Die Gmunder Malerin ist im Landkreis und darüber hinaus für ihre abstrakten Bilder bekannt. Oft entspringen sie der Musik, dem Hören. Diesmal hat sie die Ohren besonders weit geöffnet und ihr Herz dazu. Sie hat den Pflanzen zugehört. Hat ihnen beim Wachsen zugesehen. Ist gewissermaßen mit ihnen verwachsen. Hat sich auf die Frequenz der Pflanzen eingeschwungen, auf die Stimmen und den Herzschlag der Lauchstengel und Tomaten, der Maiskolben und Kamillenblüten, Kohlrabi und Kohlköpfe, Cosmea und Ringelblumen. Was sie gemacht hat: mit allen Sinnen sehen. Und genau das hat sie dann zuerst aufs Skizzenpapier und dann auf die Leinwand gebracht. Abstraktes Malen kam bei diesem Herzensprojekt indes nicht infrage, damit wäre sie dem Wesen der Pflanzen nicht gerecht geworden.
Biogärtnerin Eva Vogel und Künstlerin Hilge Dennewitz (v.l.). Foto: IW
Die Beobachtungen sind einen ganzen Sommer lang im Gewächshaus in Evas Paradiesgarten in Waakirchen entstanden.

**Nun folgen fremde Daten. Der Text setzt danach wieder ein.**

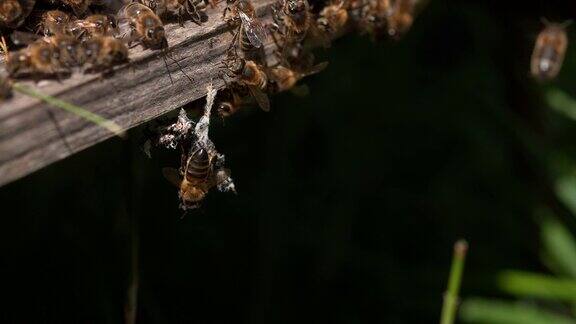 蜂房入口处的蜜蜂蜂群里的假癣虫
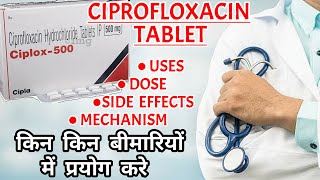 Ciprofloxacin tablet  Ciprofloxacin किस काम आती हैं  Ciprofloxacin tablets ip 500mg uses [upl. by Analiese]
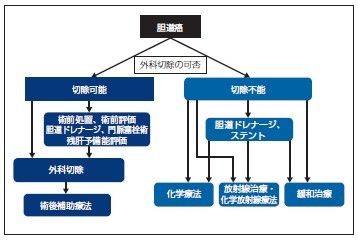 内科的治療 ｜胆道がん｜九州大学病院のがん診療｜九州大学病院 がん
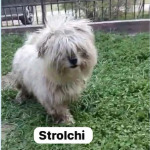 STROLCHI, Hund, Bichon Maltais in Rumänien - Bild 1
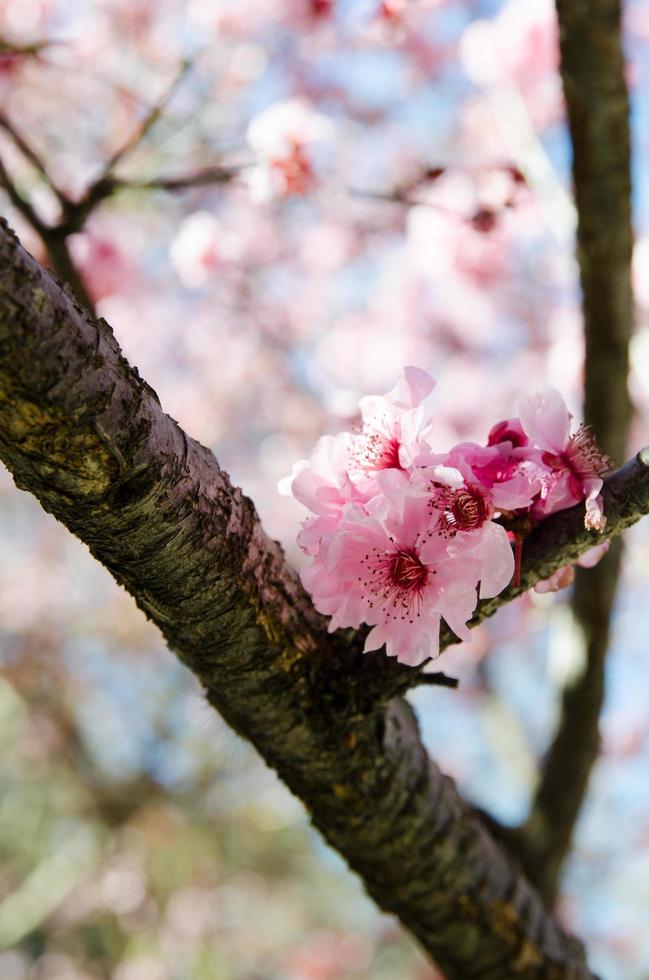 Rosa blühende Sakura-Blüten mit blauem Himmel in einem japanischen Garten. foto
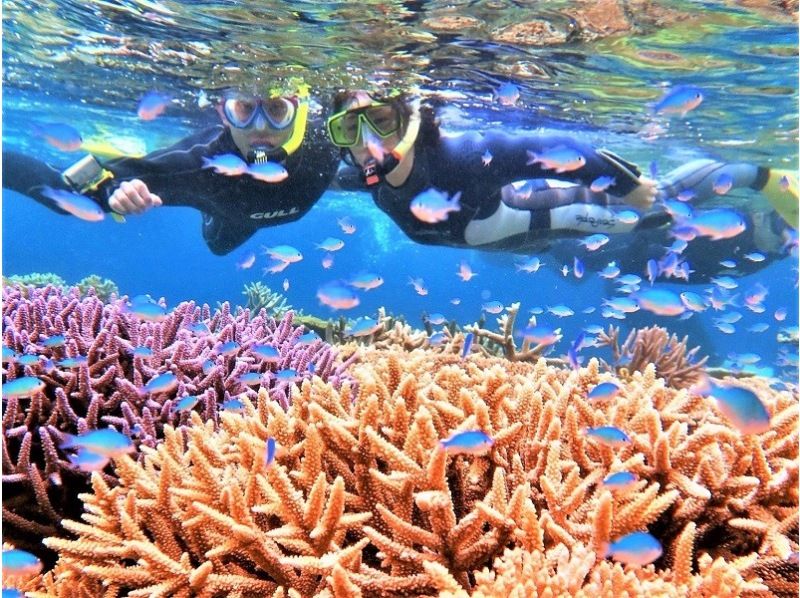 【八重干瀬】無料GoPro12レンタル・ドローン動画撮影☆初心者さんは浮き輪でガイド☆最短距離の池間島発☆半日シュノーケリングの紹介画像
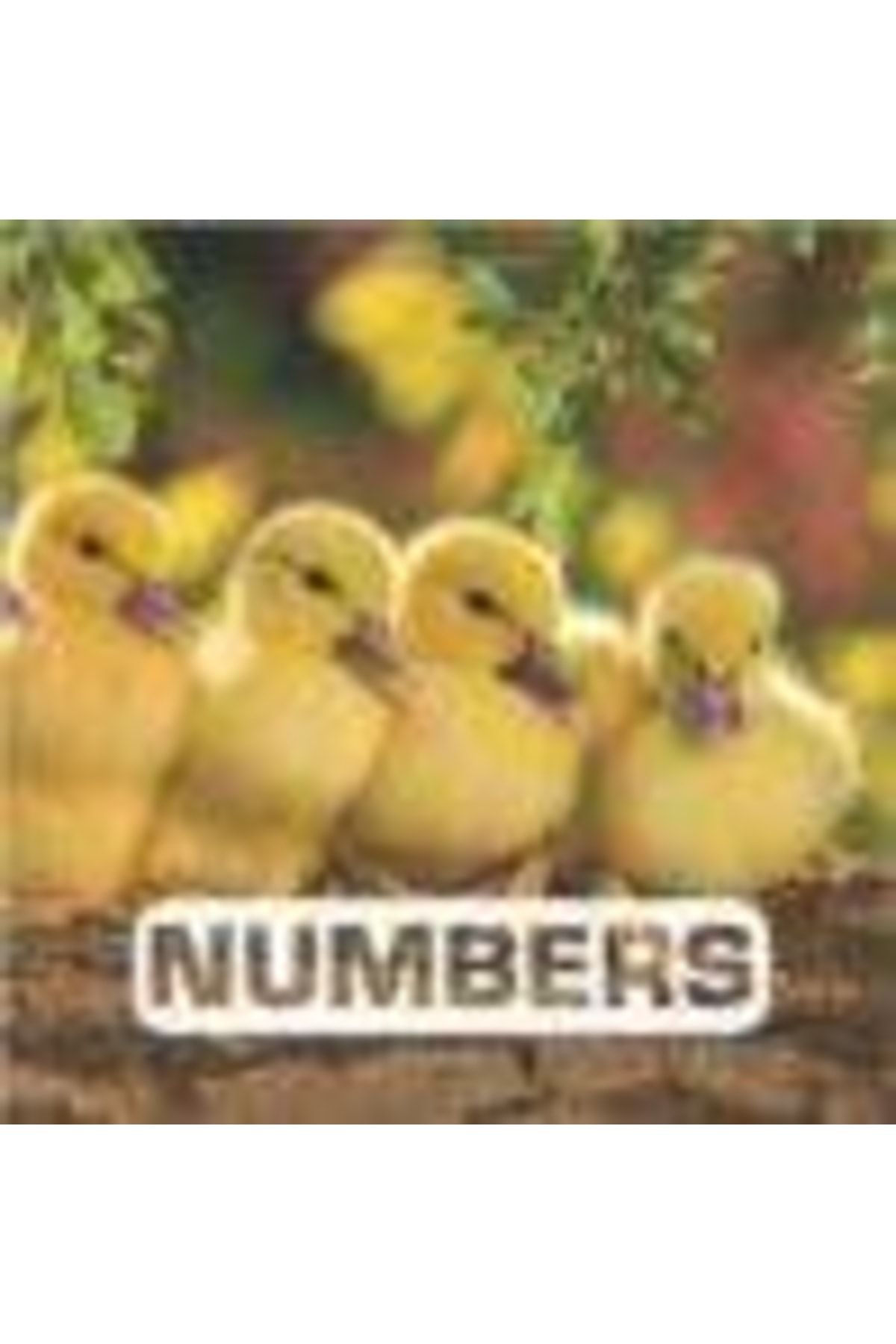 HMH Books-Numbered Set 3
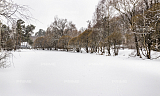 Домовладение с 5 спальнями 1000 м2 в посёлке Усадьба Подушкинского лесопарка Фото 16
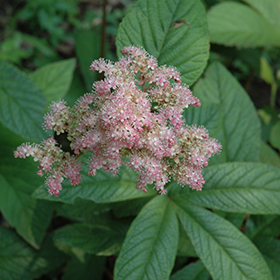 Rodgersia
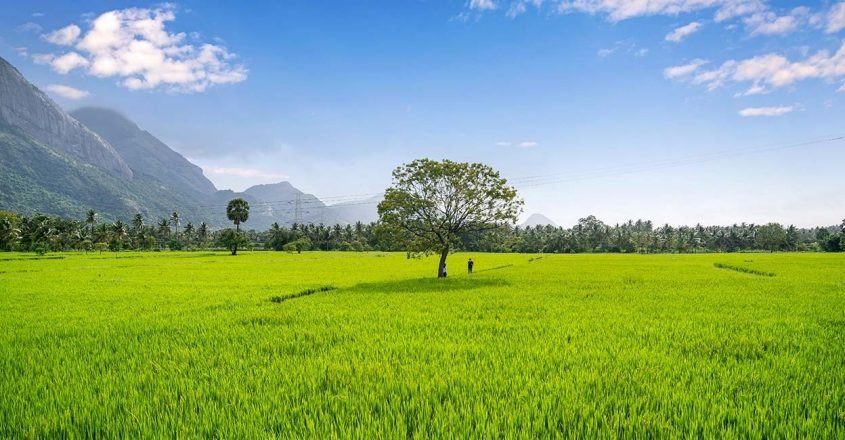 Kollengode Thamarapadam paddy fields summer offer at Seetharkundu Resorts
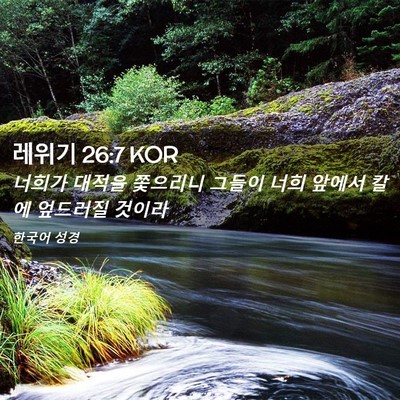 Picture 02 - 레위기 26:7 KOR - 너희가 대적을 쫓으리니 그들이 너희 - Bible Verse Picture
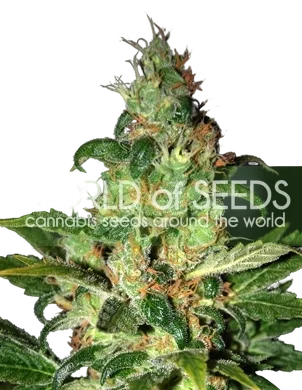 Chronic Haze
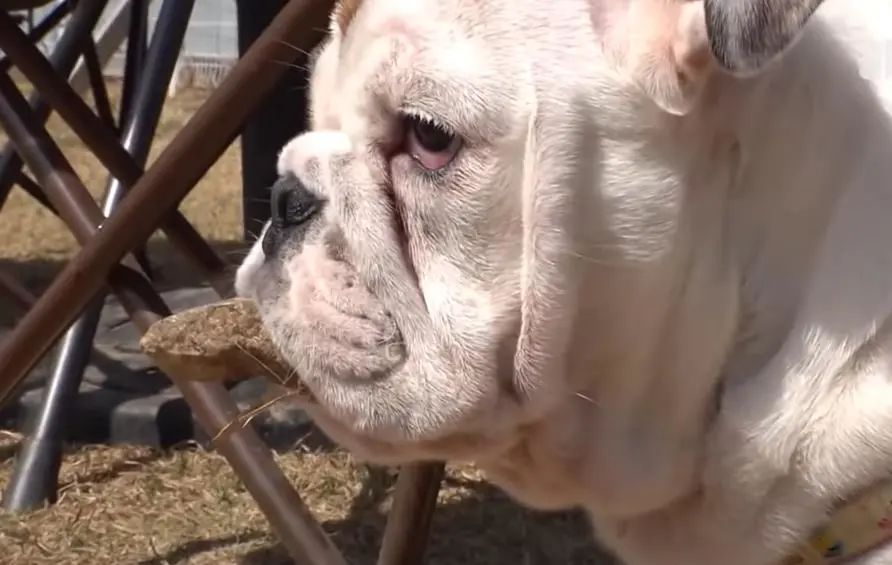 小奶狗怎么越吃越瘦是什么原因,小奶狗太瘦如何快速长胖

Norbert Herbert, Fotokünstler und Ehemann von Hilge Dennewitz, hatte die kleine demeter-Biogärtnerei entdeckt. Sie versteckt sich am Ortsrand von Waakirchen. Tag für Tag hat er die Künstlerin von Gmund nach Waakirchen gefahren und sie oft bei ihrer akribischen Pflanzenbeobachtung mit der Kamera unterstützt.
Hunderte von Skizzen
Hilge Dennewitz hat weit über einhundert Skizzen gefertigt. Sie hat Tag für Tag das Entfalten der Kohlblätter festgehalten, das Erröten der Tomaten. Hat den Kater Lorenz lieb gewonnen und Charly, den Hund des Hofes, die Biogärtnerin Eva und die fleißigen Hände ihrer Helfer.
Gemüse, Blumen, Kater Lorenz – alle sind Lebewesen. Foto: Norbert Herbert
Alle haben sie ihren Platz in dieser detailgenauen Liebeserklärung der Künstlerin an das pralle, gesunde, blühende Leben gefunden. Hilge Dennewitz hat sich diesem Projekt mit großer Hingabe genähert, ist tiefer und tiefer im Inneren der Pflanzen getaucht, um ihr Wesen zu erfassen. „Unvorstellbar, was eine Pflanze macht, bis sie groß wird, wie viel Formen sie durchläuft…“, sagt sie mit Ehrfurcht.
Feldforschungen in der Biogärtnerei
Genau darum ging es ihr: diese Ehrfurcht vor den Pflanzen als Lebewesen wieder zu erwecken – aus der künstlerischen Sicht. Die Ergebnisse ihrer Feldforschungen in der Biogärtnerei sind jetzt genau dort zu sehen, wo sie entstanden sind, wo sie hingehören: in Evas Paradiesgarten in Waakirchen. Man spürt und sieht – es ist eine Liebeserklärung. Die kraftvolle Erde dient als Grundierung der Bilder, sie ist die Basis zum Wachsen der Pflanzen und gleichwohl die Basis für dieses ungewöhnliche Malerei-Projekt.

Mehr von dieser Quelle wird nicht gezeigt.